##### Supplied material #####

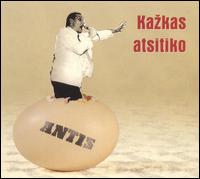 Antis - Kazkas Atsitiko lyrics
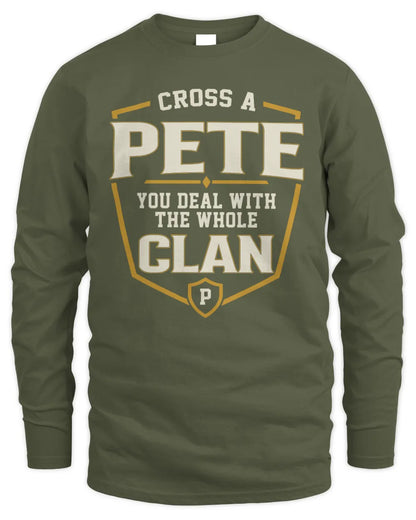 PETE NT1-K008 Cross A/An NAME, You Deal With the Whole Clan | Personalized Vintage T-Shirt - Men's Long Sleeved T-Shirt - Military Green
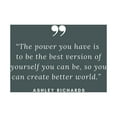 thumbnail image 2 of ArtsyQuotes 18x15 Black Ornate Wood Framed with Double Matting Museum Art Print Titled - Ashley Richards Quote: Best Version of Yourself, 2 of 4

#####
##### Supplied material #####

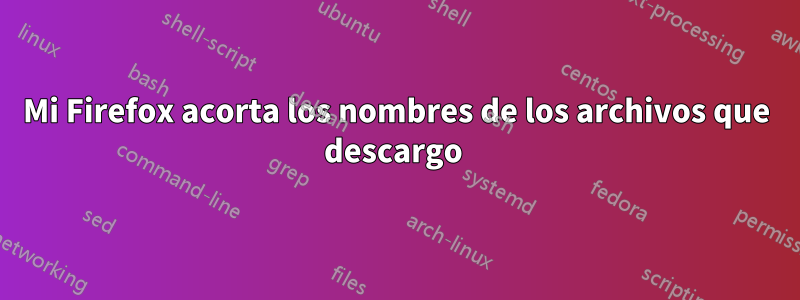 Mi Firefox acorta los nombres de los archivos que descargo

#####
##### Supplied material #####

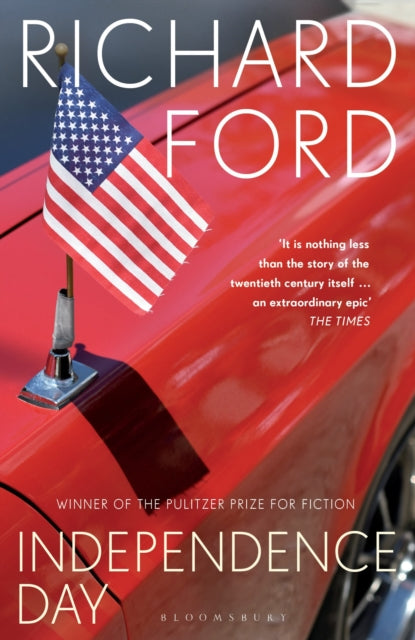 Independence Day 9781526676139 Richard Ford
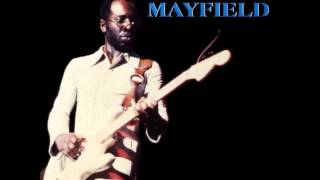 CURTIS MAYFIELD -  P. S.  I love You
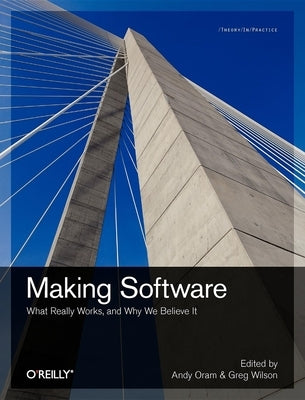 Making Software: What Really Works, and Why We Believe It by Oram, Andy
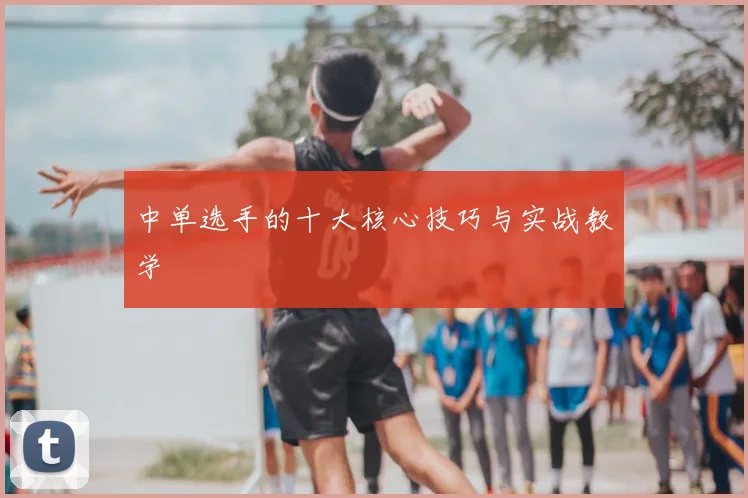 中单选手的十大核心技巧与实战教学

#####

• _Action item_: All that should be printed is the run of lines above from the one with "Making Software: What" through the one with "中单选手的十大核心技巧与实战教学", both included, exactly as given, with pictures left out.

• _Output_:
 Making Software: What Really Works, and Why We Believe It by Oram, Andy
 中单选手的十大核心技巧与实战教学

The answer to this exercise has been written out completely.